# The task
Using the listing below, please print exactly the lines from the one with "Grundig solcellelamper med" through the one with "illustration Stock Vector". Leave out every picture.

### Record excerpts

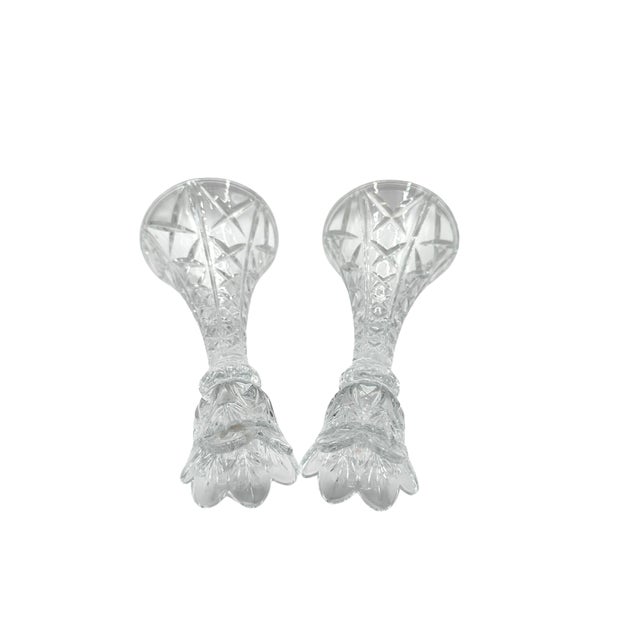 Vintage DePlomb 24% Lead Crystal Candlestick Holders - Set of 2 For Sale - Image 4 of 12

######
### Record excerpts

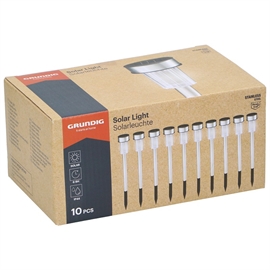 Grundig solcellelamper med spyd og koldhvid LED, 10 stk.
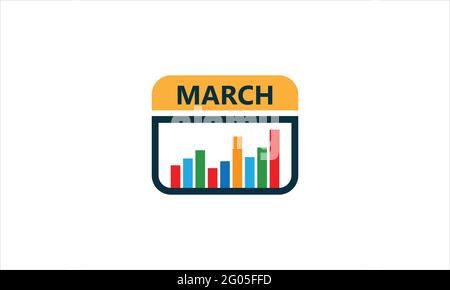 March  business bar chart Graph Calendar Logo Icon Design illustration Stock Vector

######

# Your solution
 Grundig solcellelamper med spyd og koldhvid LED, 10 stk.
 March  business bar chart Graph Calendar Logo Icon Design illustration Stock Vector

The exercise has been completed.